Stored data entries
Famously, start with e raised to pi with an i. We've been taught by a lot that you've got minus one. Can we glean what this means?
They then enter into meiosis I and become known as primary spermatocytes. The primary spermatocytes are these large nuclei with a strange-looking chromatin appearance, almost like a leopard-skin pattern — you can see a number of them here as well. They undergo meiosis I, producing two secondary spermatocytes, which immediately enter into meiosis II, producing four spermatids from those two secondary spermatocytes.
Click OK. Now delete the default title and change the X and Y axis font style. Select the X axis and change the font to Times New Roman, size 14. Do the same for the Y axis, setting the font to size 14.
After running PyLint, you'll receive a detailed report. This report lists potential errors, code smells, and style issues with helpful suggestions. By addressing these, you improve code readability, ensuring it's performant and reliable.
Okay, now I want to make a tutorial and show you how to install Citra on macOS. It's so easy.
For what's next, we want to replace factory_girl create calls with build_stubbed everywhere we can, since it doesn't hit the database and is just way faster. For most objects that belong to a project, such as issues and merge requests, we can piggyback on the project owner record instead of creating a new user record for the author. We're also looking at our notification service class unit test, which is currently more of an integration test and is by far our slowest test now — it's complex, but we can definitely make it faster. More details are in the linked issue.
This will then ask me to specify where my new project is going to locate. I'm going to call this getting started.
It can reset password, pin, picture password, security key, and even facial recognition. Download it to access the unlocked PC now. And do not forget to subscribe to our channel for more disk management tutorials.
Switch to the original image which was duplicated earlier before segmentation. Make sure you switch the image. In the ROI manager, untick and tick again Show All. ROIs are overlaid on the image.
==
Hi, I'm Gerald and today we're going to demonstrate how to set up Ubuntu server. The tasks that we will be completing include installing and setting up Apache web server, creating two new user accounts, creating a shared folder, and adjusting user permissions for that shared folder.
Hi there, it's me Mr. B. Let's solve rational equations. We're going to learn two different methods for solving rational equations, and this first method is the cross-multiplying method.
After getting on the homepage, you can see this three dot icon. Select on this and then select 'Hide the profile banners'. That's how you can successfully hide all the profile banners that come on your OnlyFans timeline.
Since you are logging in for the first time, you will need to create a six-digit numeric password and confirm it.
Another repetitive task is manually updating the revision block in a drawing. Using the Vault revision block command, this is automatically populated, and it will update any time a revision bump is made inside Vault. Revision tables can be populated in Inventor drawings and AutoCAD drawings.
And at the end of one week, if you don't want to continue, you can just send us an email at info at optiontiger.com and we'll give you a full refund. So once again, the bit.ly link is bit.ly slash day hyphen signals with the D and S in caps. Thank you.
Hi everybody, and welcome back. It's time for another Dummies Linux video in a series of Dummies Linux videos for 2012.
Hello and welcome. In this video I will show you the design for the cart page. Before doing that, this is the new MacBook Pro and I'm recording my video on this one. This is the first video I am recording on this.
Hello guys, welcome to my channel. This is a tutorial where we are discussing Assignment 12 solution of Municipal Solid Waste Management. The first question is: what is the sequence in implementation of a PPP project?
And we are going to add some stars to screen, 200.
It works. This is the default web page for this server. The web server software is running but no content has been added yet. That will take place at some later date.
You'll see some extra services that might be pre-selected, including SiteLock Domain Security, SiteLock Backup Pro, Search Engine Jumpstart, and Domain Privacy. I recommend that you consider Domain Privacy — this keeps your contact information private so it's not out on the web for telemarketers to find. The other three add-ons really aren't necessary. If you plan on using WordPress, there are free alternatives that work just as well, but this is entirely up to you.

EXERCISE AIM. Could you reproduce exactly the lines of the entries above, from the one with "And we are going" through the one with "It works. This", and nothing else?

OUTPUT OF THE EXERCISE.
And we are going to add some stars to screen, 200.
It works. This is the default web page for this server. The web server software is running but no content has been added yet. That will take place at some later date.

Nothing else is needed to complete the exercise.